Time Fades Away is a 1973 live album by Canadian-American musician Neil Young. Consisting of previously unreleased material, it was recorded with the Stray Gators on the support tour following 1972's highly successful album Harvest. Due to Young's dissatisfaction with the tour, it was omitted from his catalogue and not released on compact disc until 2017. The album is the first of the so-called "Ditch Trilogy" of albums that Young recorded following the major success of Harvest, whereupon the scope of his success and acclaim became so apparent that Young subsequently experienced alienation from his music and career.

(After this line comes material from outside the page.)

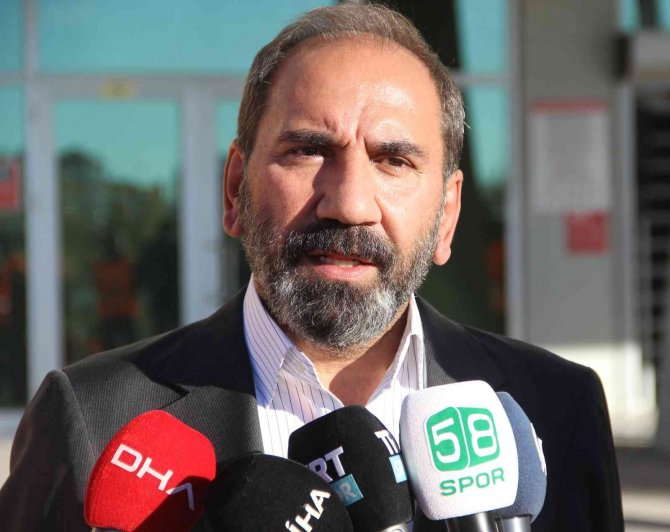 Mecnun Otyakmaz: “3 Maçtır Berabere Kalıyorsak Sorun Vardır”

Nevertheless, Time Fades Away received much critical praise and was widely pirated after lapsing out of print because of the ensuing demand from fans. It was initially reissued only on vinyl as part of the Official Release Series Discs 5-8 Vinyl Box Set for Record Store Day in 2014. The album finally saw an official CD release in August 2017 as part of the CD version of the boxset. It was also made available as a digital download for purchase through the PonoMusicWorld website (closed), the iTunes store and Qobuz. In 2021 it is available on streaming platforms such as Deezer and Apple Music, and on the Neil Young Archives website.

History
Though "Love in Mind" dates from a 1971 solo tour, all other songs on the album are from the Harvest tour in early 1973. The program featured an acoustic solo set followed by an electric set with the Stray Gators. Longtime collaborator and former Crazy Horse guitarist Danny Whitten had been set to join the Gators as a second guitarist before being sent home from rehearsals after it became evident that he was in no condition to embark on the rigorous tour. He succumbed to a fatal combination of Valium and alcohol on the night following his dismissal.

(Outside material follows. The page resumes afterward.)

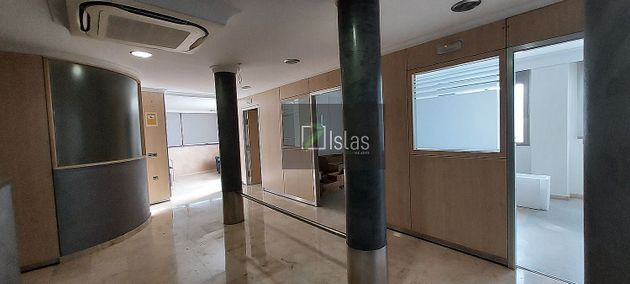 Foto 1 de Oficina en alquiler en Centro - Santa Cruz de Tenerife con aire acondicionado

Unlike Young's previous ensembles, the Stray Gators consisted of notable Nashville and Los Angeles session musicians; keyboardist Jack Nitzsche was the only member of the group who had worked with Young prior to Harvest. During the rehearsals, drummer Kenny Buttrey demanded a salary of $100,000 (roughly $571,000 in 2017) to compensate for lost session work, leading Nitzsche (with support from Tim Drummond) to prevail upon the singer to extend this salary to the other band members. Although Young reluctantly acquiesced, Nitzsche would later reflect that "Neil got so pissed off ... I don't think things ever recovered after that."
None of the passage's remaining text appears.